# README


# Table of Contents

1.  [README](#orgd5610c5)
2.  [Replication Data for Images of the arXiv: reconfiguring large scientific image datasets](#org7c0eb97)
    1.  [Computer Setup Instructions](#orgf0d2ba6)
    2.  [Instructions](#orgb649dd1)


# Replication Data for Images of the arXiv: reconfiguring large scientific image datasets

This data repository contains the replication data for the paper Images of the arXiv: reconfiguring large scientific image datasets.

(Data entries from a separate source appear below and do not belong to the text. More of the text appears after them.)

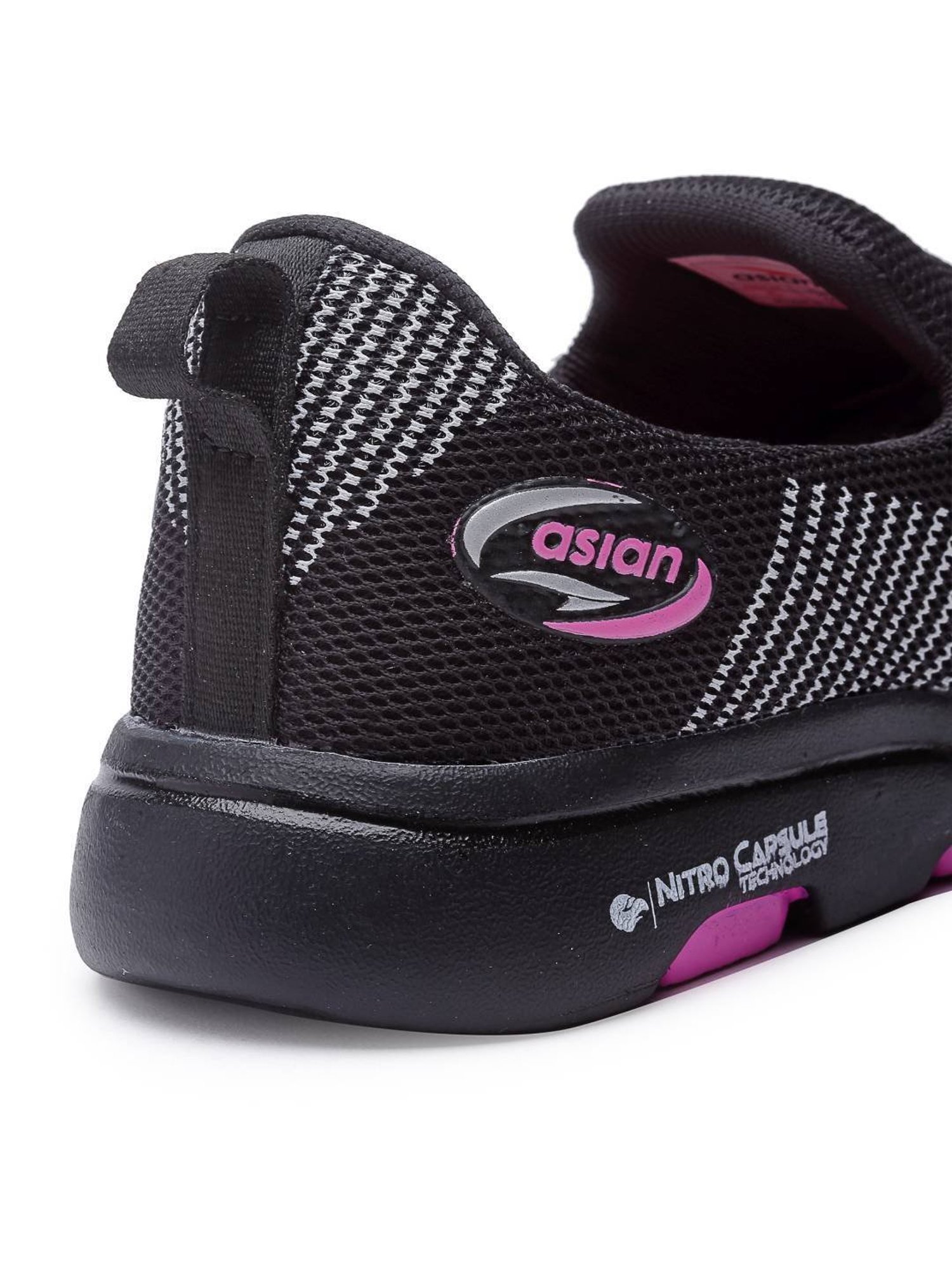 Power by Bata Women's Black Walking Shoes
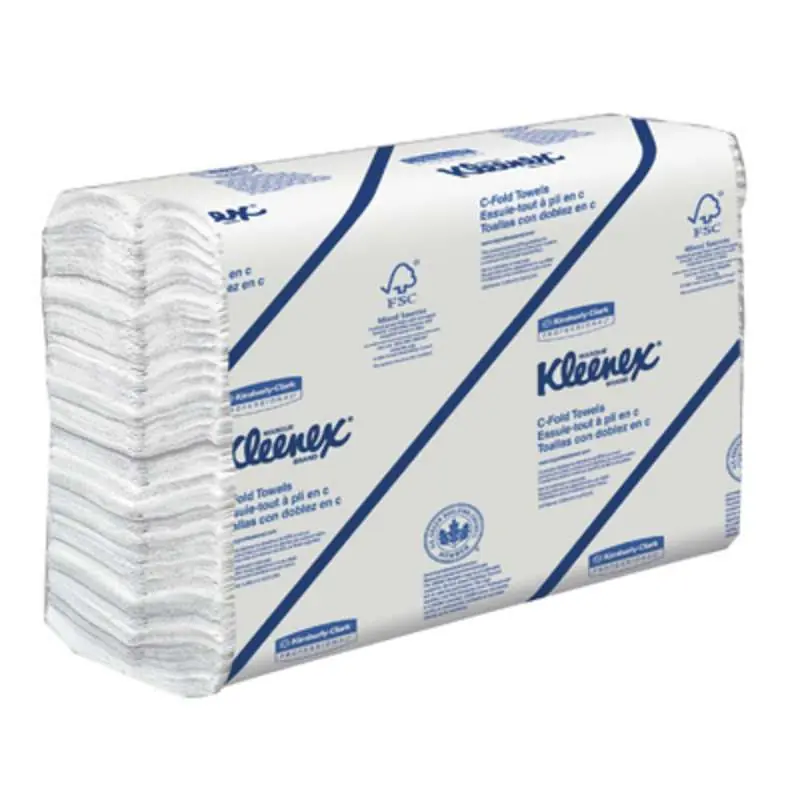 Kimberly-Clark Professional 01500 Kleenex C-Fold Towel, 13.15 in x 10.125 in, 150/PKG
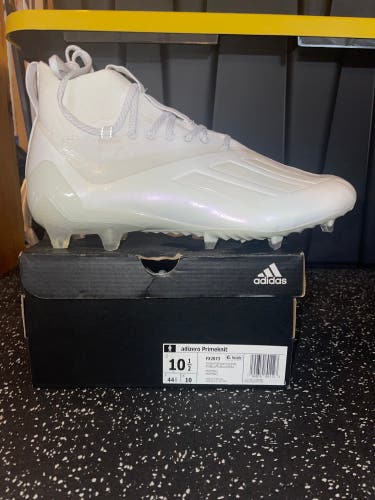 New Adizero PrimeKnit cleats 10.5 white
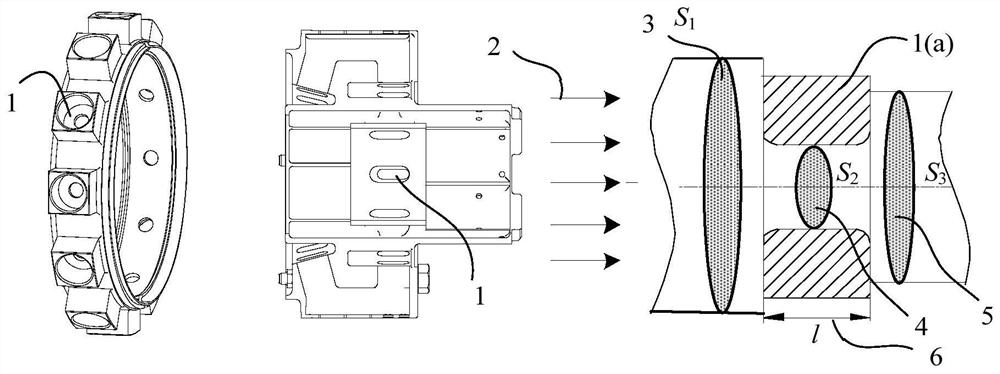 Method for calculating resistance of axis type centrifugal ventilator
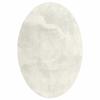 Area Rugs Oval HUARTE Cream 140 X 200 Cm 100percent  Polyester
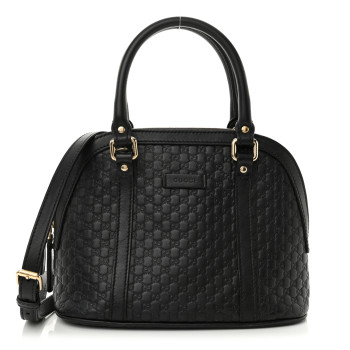 GUCCI Microguccissima Mini Dome Bag Black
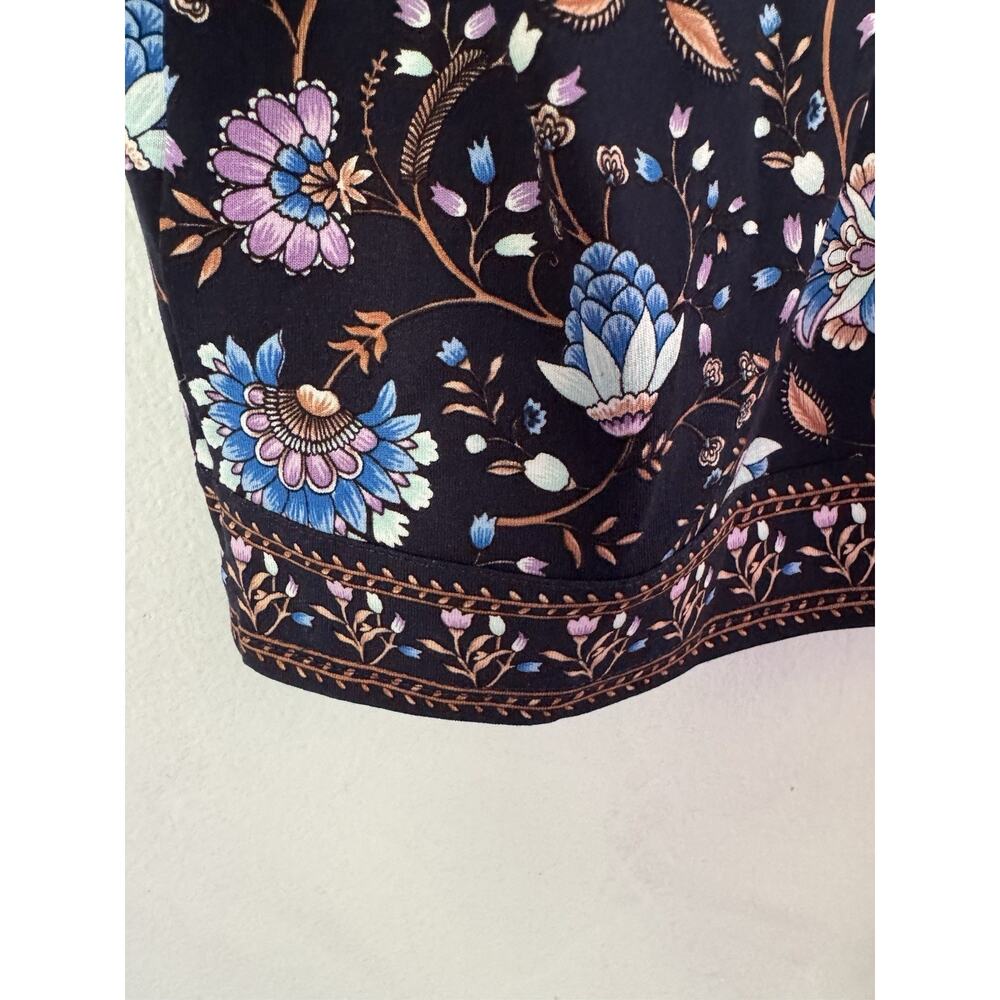 J. Jill Wearever Collection Floral Shirt & Pants Knit Set Women’s Size XL - Picture 7 of 9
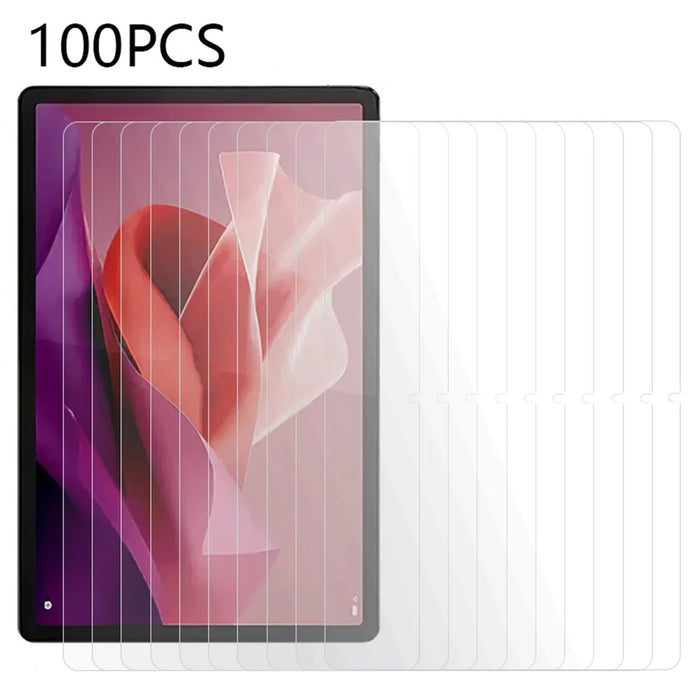 100Pcs For Lenovo Tab P12 Tempered Glass Tablet Screen Protector Crystal Clear Protective Screen Film (No Package, with Wipes Set, Dust-absorber, Guide Sticker) - 1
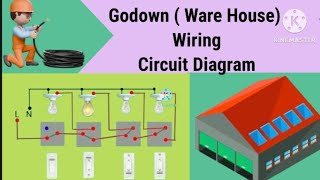 ware house wiring Godown Wiring Circuit  2 Easy Method [upl. by Nawad]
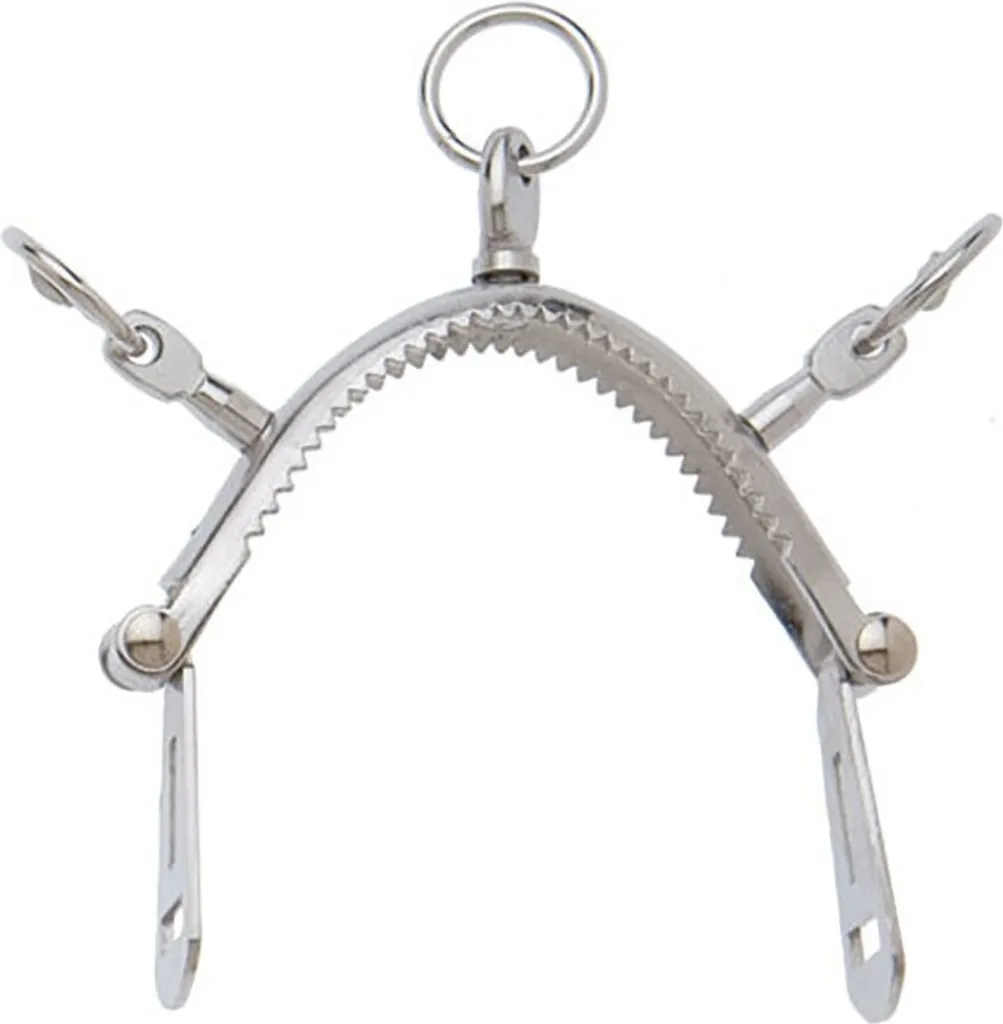 Hispano Hipica Cowboy Bit 3 Pilar Blued Silver Silver Taglia unica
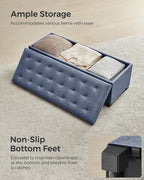 SONGMICS Storage Ottoman Bench, Foot Rest - Image 8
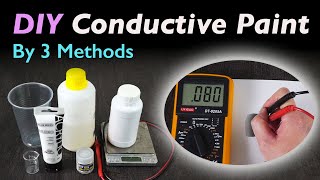 DIY Conductive Paint By three methods [upl. by Eissirk363]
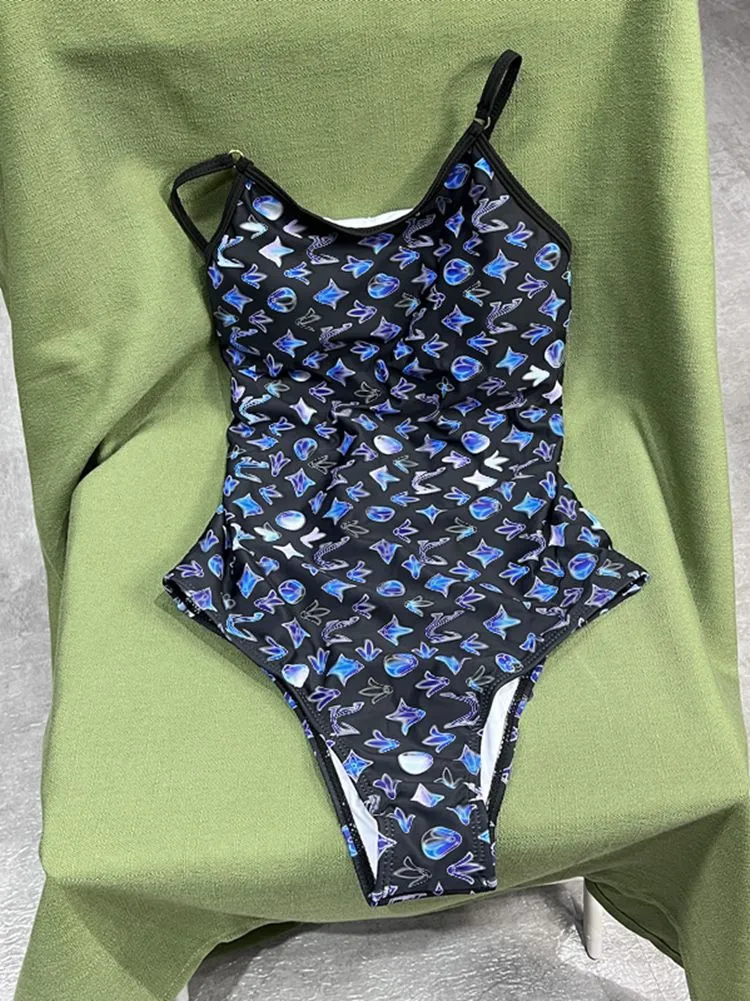 Luxury Womens bikini designer Sexy Beach Bikinis swim suit Fashion Letter Printed Lace Up Summer Split Swimsuit bikinis for women L001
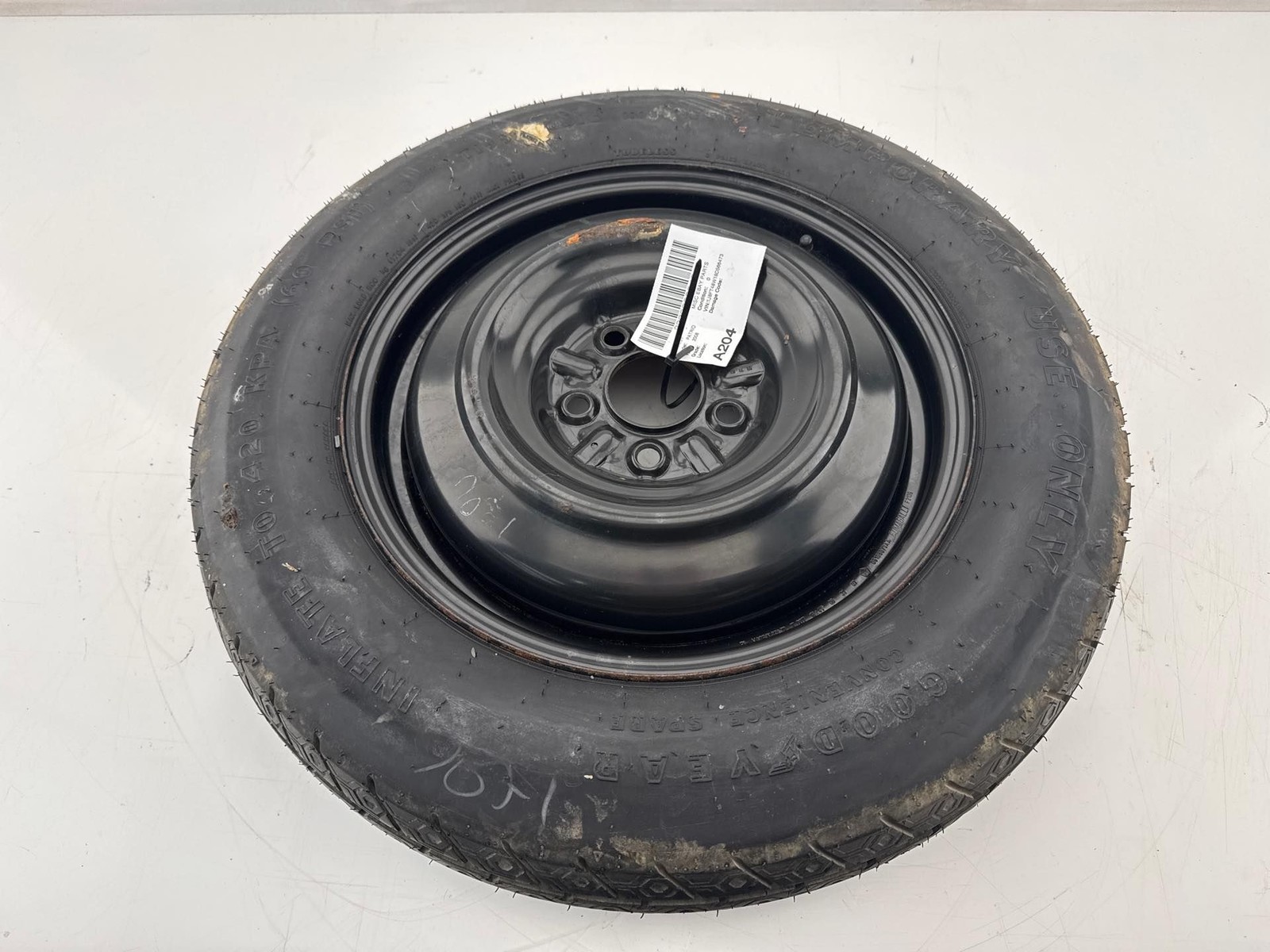 2007-2017 Jeep Patriot 16X4 Emergency Spare Tire Wheel T155/90D16 100M OEM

## Computer Setup Instructions


### Computer Specs

1.  OS

    -   Linux: Ubuntu 18.04

2.  Hardware

    -   Intel i7 CPU
    -   500GB NVMe solid state drive
    -   4TB 72000 rpm hard disk
    -   32GB DDR3 RAM
    -   NVidia RTX 2080 graphics card 8GB VRAM

3.  Installing software

    1.  Metha
    
        <https://github.com/miku/metha>
    
    2.  SQLite (command line)
    
        Ubuntu ships with SQLite. Simply call
        
        ```bash
        sqlite3 /path/to/database.sqlite3
        ```
    
    3.  Python SQLite
    
        This is included in Python:
        
        ```python
        import sqlite
        ```
    
    4.  DBBrowser for SQLite (optional)
    
        This software is handy for having a graphical way to examine the SQLite database and can also be used to run commands <https://sqlitebrowser.org/dl/>
        
        ```bash
        sudo add-apt-repository -y ppa:linuxgndu/sqlitebrowser
        sudo apt-get update
        sudo apt-get install sqlitebrowser
        ```
    
    5.  Other software
    
        -   Anaconda (recommended for installing and managing Python packages)
        -   Python (2 and 3)
        -   ImageMagick (for convert and identify)
        -   Jupyter Notebook
        -   SQLite interfaces for Python and Bash
        -   tensorflow-gpu


### Environments

We used two different conda environments for running the required scripts. The first is `py37`, which contains basic Python3 packages, `matplotlib`, and other utilities. The second is `tf_gpu`, which is configured to run TensorFlow 1.14 using GPU acceleration. This package will take longer to install so is provided separately. See the YAML files in the `conda` folder.


## Instructions


### Database

Provided in SQLite format. Contains metadata regarding articles, images, and figure captions up to the end of 2018.


### Downloading data

See `dataset_method.md`.


### Creating database

See `sqlite_method.md`.


### Image credits for paper

See `image_credits.md`.


### Plots

Scripts for running plots found in the `sqlite-scripts` folder.